〰️ Dynamic Time Warping
Aligning time series
DTW = —
vs Euclidean:
Preset signals
Settings
Controls
Stats
DTW distance
Euclidean
Path length
Series len
Info & Theory

Dynamic time warping (DTW) measures how similar two time series are even when they run at different speeds or are shifted in time. It stretches and squeezes the time axis to line up matching shapes.

The cost matrix

For series x (length n) and y (length m) define the local cost d(i,j) = (x_i − y_j)². The accumulated cost obeys the dynamic-programming recurrence

D(i,j) = d(i,j) + min( D(i−1,j), D(i,j−1), D(i−1,j−1) )
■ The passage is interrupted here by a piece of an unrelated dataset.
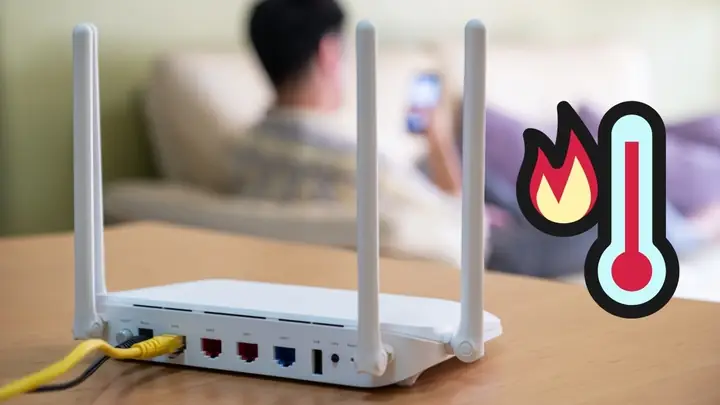 Nguyên Nhân Do Thiết Bị Phát Wifi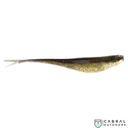 Zman STREAKZ 3.75inch | 6pcs/pkt  Split Tail  Zman  Cabral Outdoors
with D(0,0)=d(0,0). The heatmap on the right shows D; the bright line is the cheapest warping path from corner to corner, recovered by tracing the minimum predecessors backwards.

DTW vs Euclidean

Plain Euclidean distance compares x_i with y_i at the same index, so a small time shift looks like a huge difference. DTW instead lets index i match several indices j, so two copies of the same shape at different speeds score a small distance — exactly what you need for speech, handwriting and gesture matching.

Sakoe–Chiba band

The optional band forces the path to stay within |i − j| ≤ r. This speeds DTW up and prevents pathological warps, at the cost of disallowing very large time shifts.